This comes as annual house price inflation reaches its strongest level in nearly seven years, with prices having grown 9.5% annually.
All UK regions bar the North East saw an acceleration in year-on-year house price inflation last month. The strongest growth was once again recorded in Wales (up 11.9% over the past year), closely followed by the North West and Yorkshire & Humber, both of which posted double-digit annual growth. For Wales and the North West, these are the biggest percentage gains since April 2005, and for Yorkshire & Humber since June 2006.
The South of England, however, is for once lagging somewhat behind the rest of the country. This is especially the case in Greater London, where average prices are still 3.1% higher than a year ago (although already very expensie compared to much of the country) but growing more slowly than the rest of the country. This likely reflects a weakness in city prices given the shift in preference for properties with more space, whilst recent surcharges on stamp duty for non-UK residents and Brexit concerns will also have weighed on the capital’s market.
Russell Galley, Managing Director, Halifax, said:
“House prices reached another record high in May, with the average property adding more than £3,000 (+1.3%) to its value in the last month alone. A year on from the first easing of national lockdown restrictions, and the gradual reopening of the housing market, annual growth surged to 9.5%, meaning the average UK home has increased in value by more than £22,000 over the past 12 months.
“Heading into the traditionally busy summer period, market activity continues to be boosted by the government’s stamp duty holiday, with prospective buyers racing to complete purchases in time to benefit from the maximum tax break ahead of June’s deadline, after which there will be a phased return to full rates. For some homebuyers, lockdown restrictions have also resulted in an unexpected build-up of savings, which can now be deployed to fund bigger deposits for bigger properties, potentially pushing property prices even higher.
“Whilst these effects will be temporary, the current strength in house prices also points to a deeper and long-lasting change as buyer preferences shift in anticipation of new, post-pandemic lifestyles – as greater demand for larger properties with more space might warrant an increased willingness to spend a higher proportion of income on housing.

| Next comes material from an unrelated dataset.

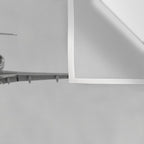 Steady As She Goes; aircraft coming in for an island landing black and white photography- photographs Wall Tapestry Gallery Image 3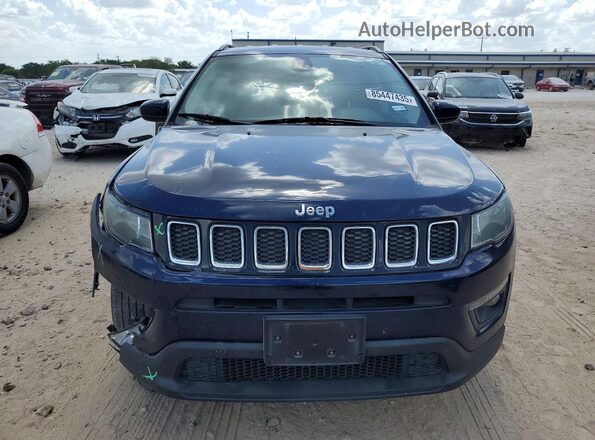 3C4NJCBBXJT345351 2018 JEEP COMPASS Blue Vista frontal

“These trends, coupled with growing confidence in a more rapid recovery in economic activity if restrictions continue to be eased, are likely to support house prices for some time to come, particularly given the continued shortage of properties for sale.”
Sundeep Patel, Director of Sales at specialist lender Together, said:
“The surge in demand for property we’re continuing to see showed no indication of slowing last month. House prices reached another record high in May, up by 1.3% (more than £3,000) in value than in April. Annual growth also surged by 9.5%, with the average house price in the UK now at £261,743.“However, with the Stamp Duty tax break starting to taper off from the end of this month, we’re likely to see this unprecedented rush for new homes ease off by the time we hit the end of summer. The recently released travel traffic light list for UK holidaymakers may also dampen activity as people prepare to make a break for guaranteed sun and so stick a pin in their property plans back home.
“How the property market will shape up by the end of this year is no way near certain. However, whether house prices have been artificially inflated or not, it is possible the backlog in demand from keen buyers will markedly increase opportunities for specialist lenders, as increased volumes of borrowers turn to finance such as bridging loans to quickly purchase their ideal homes.”
Anna Clare Harper, CEO of asset manager SPI Capital, says:
"Investors and homeowners alike are wondering whether the housing market boom is about to bust? With 9.5% house price growth in the year to May, despite the huge economic problems caused by the pandemic, it’s a sensible question.
"The truth is, what tends to happen in the housing market is different from what happens with other purchases and investments. In other sectors, when consumers get nervous, they stop spending so much. When investors get nervous, they are scared into selling. Things are different in the housing market because homes are ‘essential’. We all need a place to call home.
"So, unlike crypto ‘investments’ or shares, people tend not to sell unless they really need to. And, with interest rates low and forecast to remain so, it can be cheaper to pay a mortgage on an equivalent property than to pay rent. So a mass sell-off from property owners who have already managed to put down a deposit seems unlikely unless interest rates rise significantly."
'According to Halifax, average annual house prices are at an historic high, at £261,743, which will seem unaffordable to many - in particular younger people. A big cause of growth over the past year has been the desire for more space - and for those not moving, home renovations are increasingly popular. This is symbolic of our rising living standards which is, on the whole, a good thing. As a result, house prices and construction costs rising. This means, in turn, that the cost of renting, buying and improving homes are likely to continue to rise."